- David A. Trampier from The Daily Egyptian, 2002
- Born: April 22, 1954^{[citation needed]} St. Louis, Missouri, U.S.
- Died: March 24, 2014 (aged 59) Carbondale, Illinois, U.S.
- Nationality: American
- Pseudonym(s): Tramp, DAT
- Notable works: Wormy Player's Handbook Monster Manual Titan

= David A. Trampier =

American artist (1954–2014)

David A. Trampier (April 22, 1954 – March 24, 2014) was an artist and writer who illustrated some of the earliest editions of the Dungeons & Dragons role-playing game for TSR, Inc. Many of his illustrations, such as the cover of the original Player's Handbook, became iconic. Trampier was also the creator of the Wormy comic strip that ran in Dragon magazine for several years.

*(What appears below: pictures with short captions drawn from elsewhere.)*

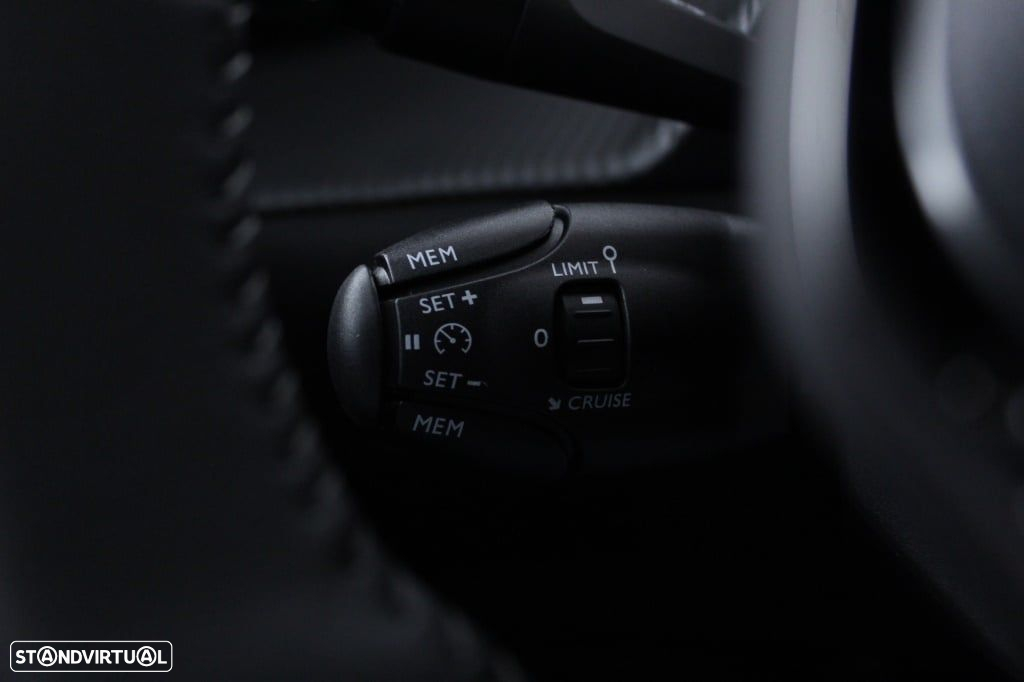 Peugeot 208 1.5 BlueHDi Active Pack - 26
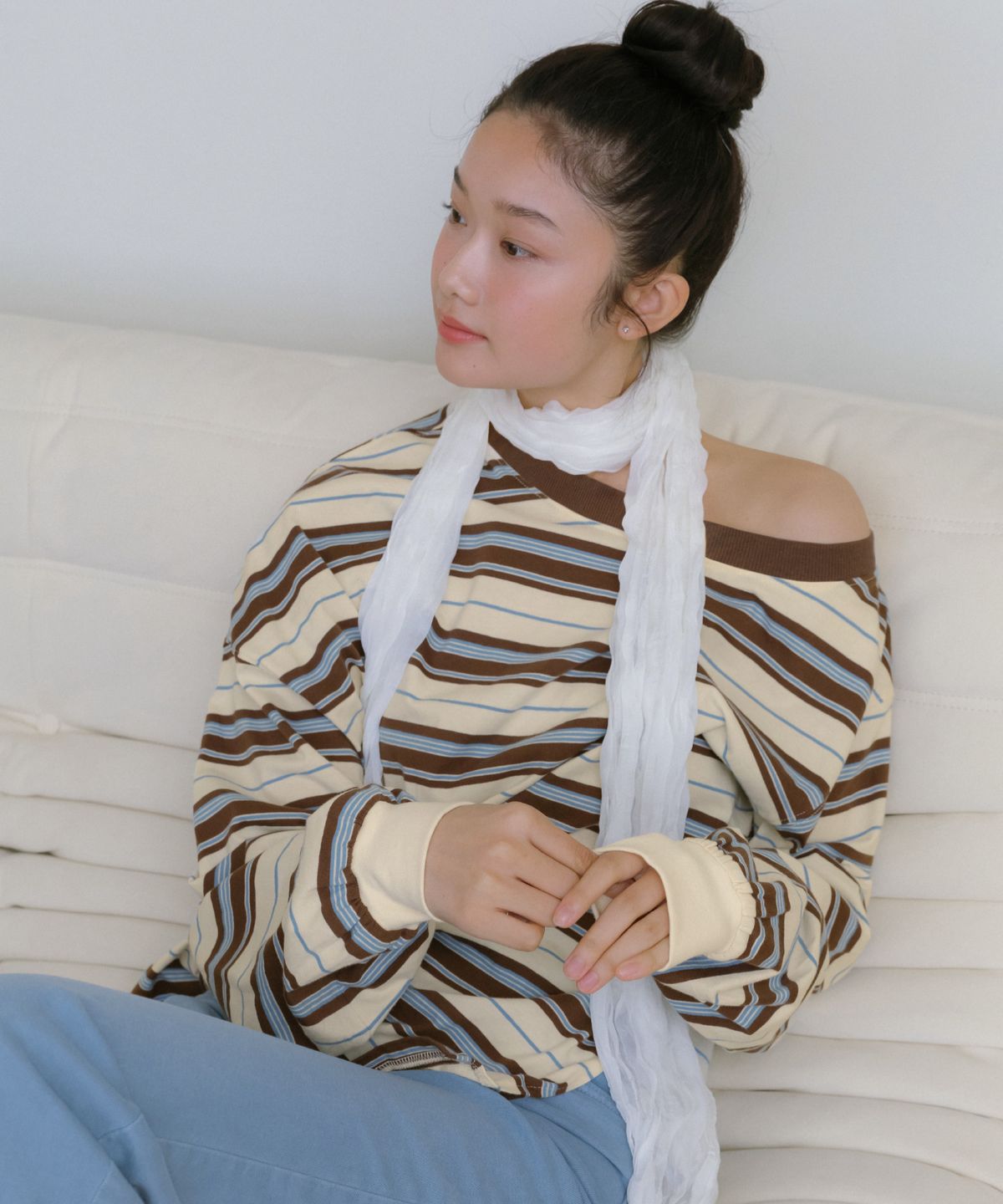 멜로토리(MELLOTORY) 원숄더 스트라이프 티셔츠 (크림)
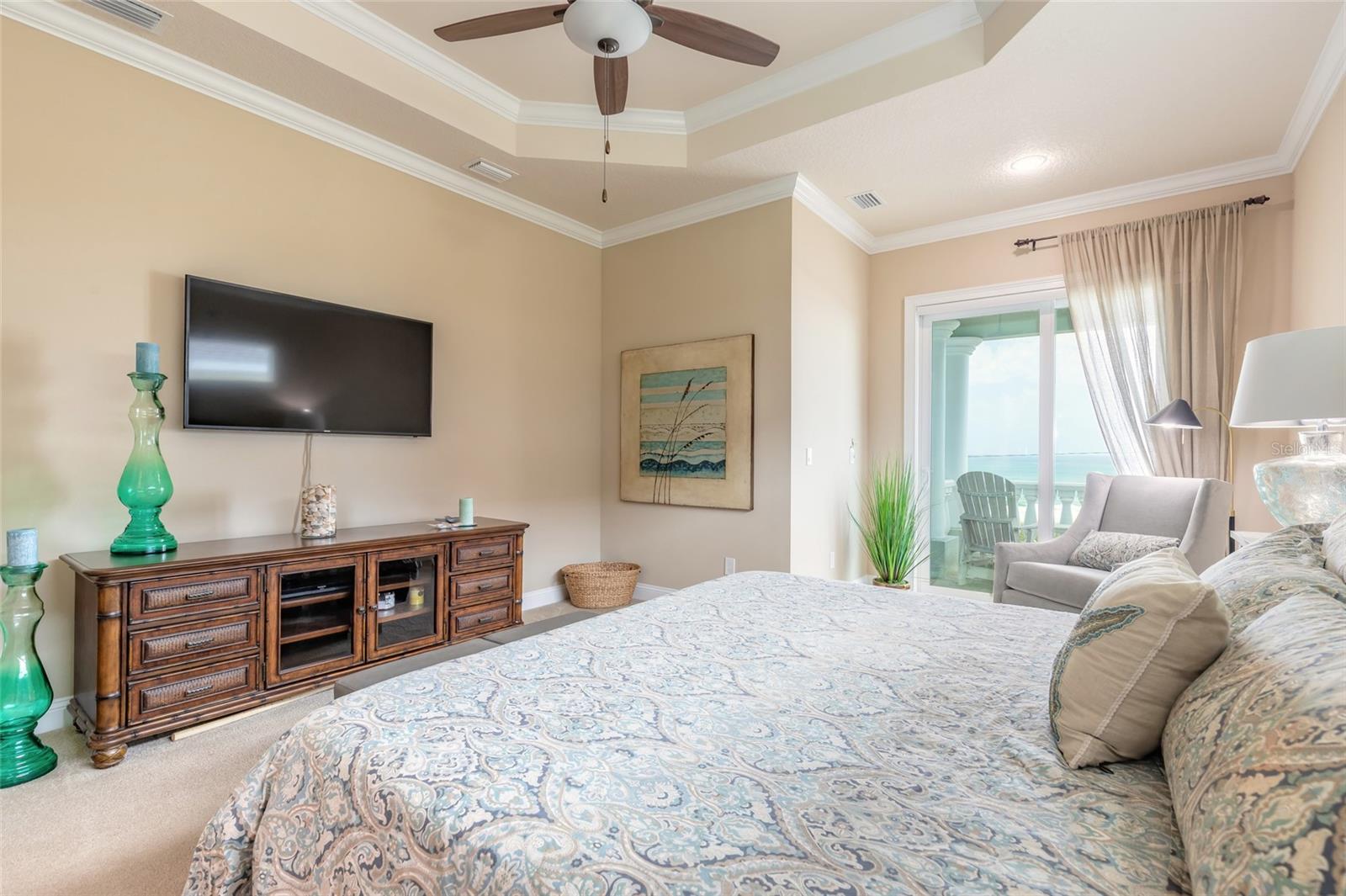 2282 S Ocean Shore Blvd Property Photo 20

At the height of his career in the late 1980s, Trampier suddenly withdrew from the gaming world for unknown reasons. For many years, Trampier's location was unknown to anyone and rumors circulated that he had died; his brother-in-law Tom Wham denied this, although Wham admitted that even he did not know where Trampier was or what he was doing.

Trampier was inducted into the AAGAD (tabletop gaming) Hall of Fame posthumously in 2024 as part of the 50th anniversary of the HOF.

==Career==

Cover of original AD&D Players Handbook, art by Trampier

In 1977, TSR, Inc. started to develop a new version of their popular Dungeons & Dragons role-playing game called Advanced Dungeons & Dragons (AD&D). Unlike TSR's previous rulebooks, which had been low-quality paperback booklets, the rulebooks for AD&D would be high-quality lithographed hard covers featuring full color wrap-around cover art and many interior black & white illustrations. The first book to be published was the Monster Manual in 1977, and Trampier, along with fellow artists David Sutherland and Tom Wham, provided artwork for the manual. Tim Kask, editor of Dragon magazine, stated in a review that the book's profuse illustrations were "outstanding", and that the illustrations "in themselves would warrant the cover price".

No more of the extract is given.